How to complete this task: Your task is to copy the stretch of lines in the records below that begins with the line containing "Apartamento à venda" and ends with the line containing "21 Mervyn Jensen", exactly as written, with nothing added.

The records:

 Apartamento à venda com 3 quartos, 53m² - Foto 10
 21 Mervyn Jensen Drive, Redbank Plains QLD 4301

* * *

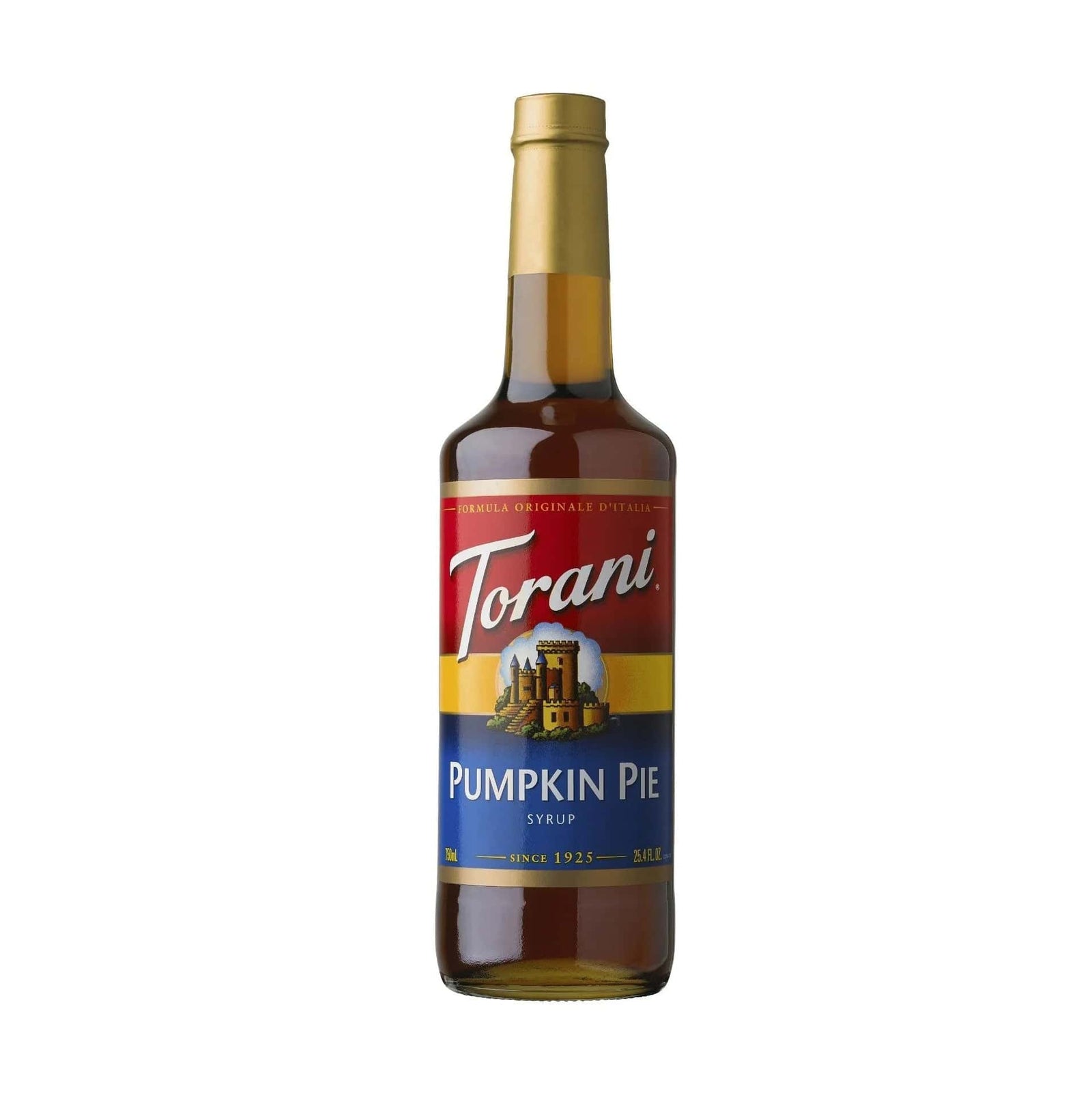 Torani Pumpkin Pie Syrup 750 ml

Written solution:
 Apartamento à venda com 3 quartos, 53m² - Foto 10
 21 Mervyn Jensen Drive, Redbank Plains QLD 4301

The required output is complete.